The Night Watch, oil on canvas portrait now housed in Rijksmuseum Amsterdam
The Night Watch, oil on canvas portrait now housed in Rijksmuseum Amsterdam


The Night Watch By Rembrandt


Between 1640 and 1642, Rembrandt painted The Militia Company of Captain Frans Banning Cocq, which became his most famous work. The piece was commissioned for the new hall of the Kloveniersdoelen, the musketeer branch of the civic militia.


Parts of the canvas were cut off (approximately 20% from the left-hand side was removed) to make the painting fit its new position when it was moved to Amsterdam town hall in 1715.


In 1817 this large painting was moved to the Trippenhuis. Since 1885 the painting is on display at the Rijksmuseum.

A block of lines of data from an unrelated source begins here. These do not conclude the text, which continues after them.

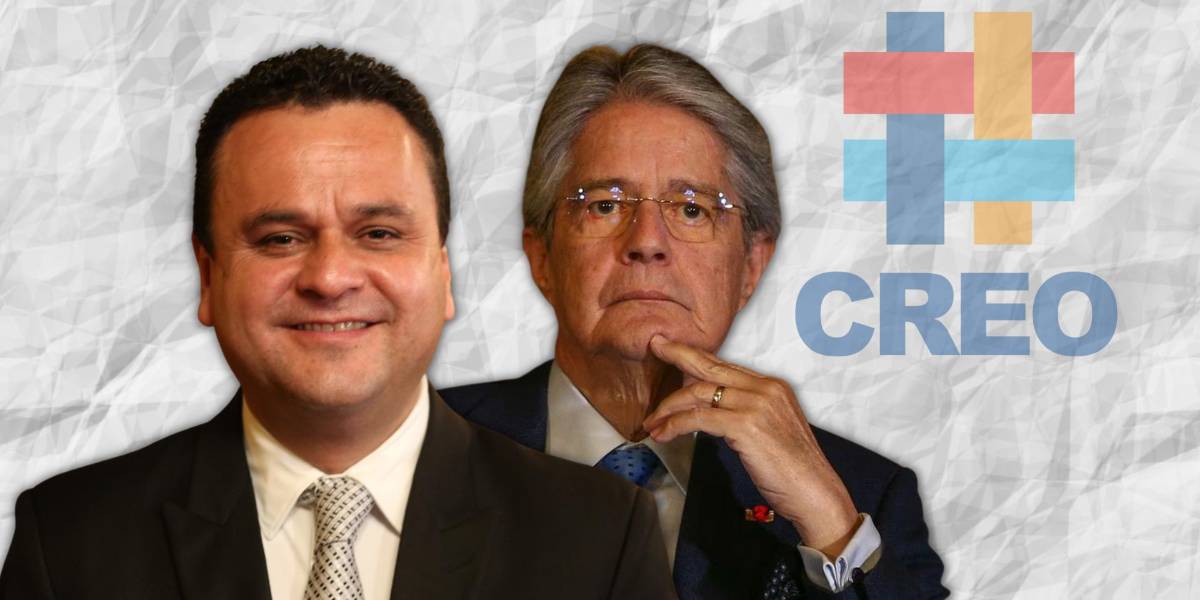 CREO dejó de ser movimiento y pasó a ser partido político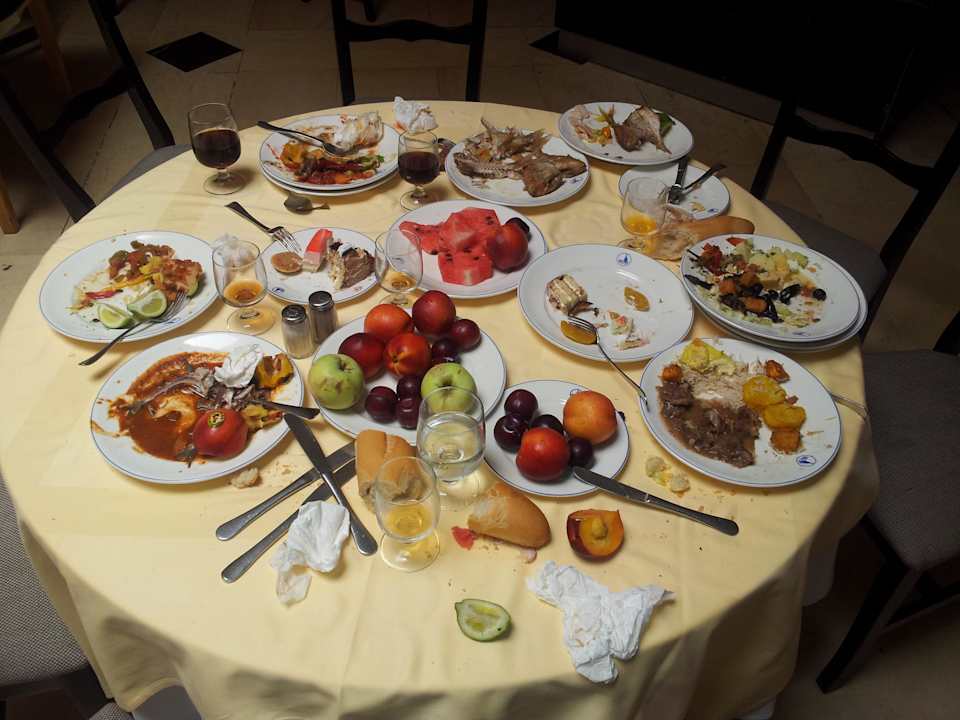 Es wurde hier schon mehrfach abgeräumt El Mouradi Club Kantaoui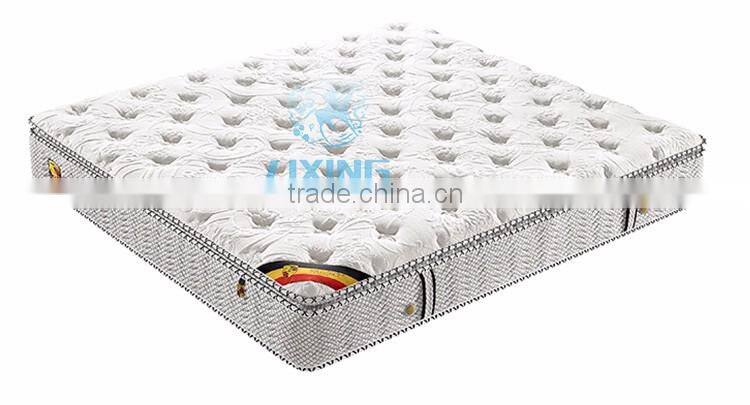 Unique Design Wood Double Bed Designs with Box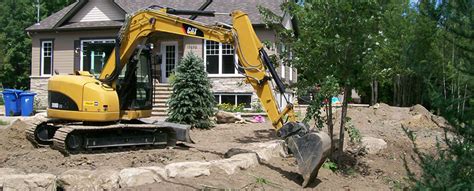 mini excavation terrebonne|Terrebonne Excavating Services .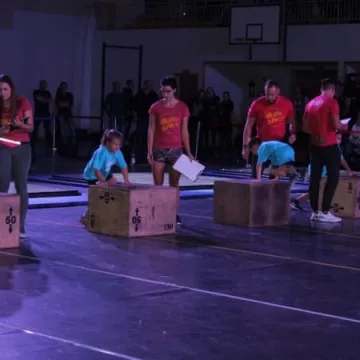 Finał 3. edycji zawodów Athletes Clash 2019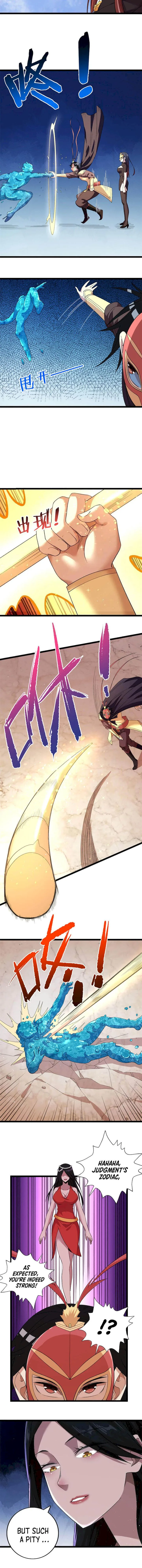 I Can Snatch 999 Types of Abilities Chapter 130 page 6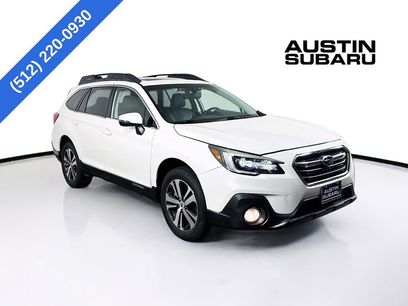 Used 2019 Subaru Outback 2.5i Limited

In 1940 the painting was moved to Kasteel Radboud; in 1941 to a bunker near Heemskerk; in 1942 to St Pietersberg; in June 1945 it was shipped back to Amsterdam.


Rembrandt's Masterpiece was called De Nachtwacht by the Dutch and The Night Watch by Sir Joshua Reynolds because by 1781 the picture was so dimmed and defaced that it was almost indistinguishable, and it looked quite like a night scene.


After it was cleaned, it was discovered to represent Broad Day—a party of 18 musketeers stepping from a gloomy courtyard into the blinding sunlight.


It is believed that the master Rembrandt has a cameo role in this artwork, even though it is not easy to spot him, however, you can see a beret and half an eye, and this is believed to be the artist.


Rembrandt depicted the militia readying themselves to embark on a mission, though the exact nature of the mission or event is a matter of ongoing debate.


Rembrandt's Legacy


Two experts claim that the number of drawings whose autograph status can be regarded as effectively "certain" is no higher than about 75.


At one time, approximately 90 paintings were counted as Rembrandt self-portraits but it is now known that he had his students copy his own self-portraits as part of their training.


Modern scholarship has reduced the autograph count to over forty paintings, as well as a few drawings and thirty-one etchings, which include many of the most remarkable images of the group. Some show him posing in quasi-historical fancy dress, or pulling faces at himself.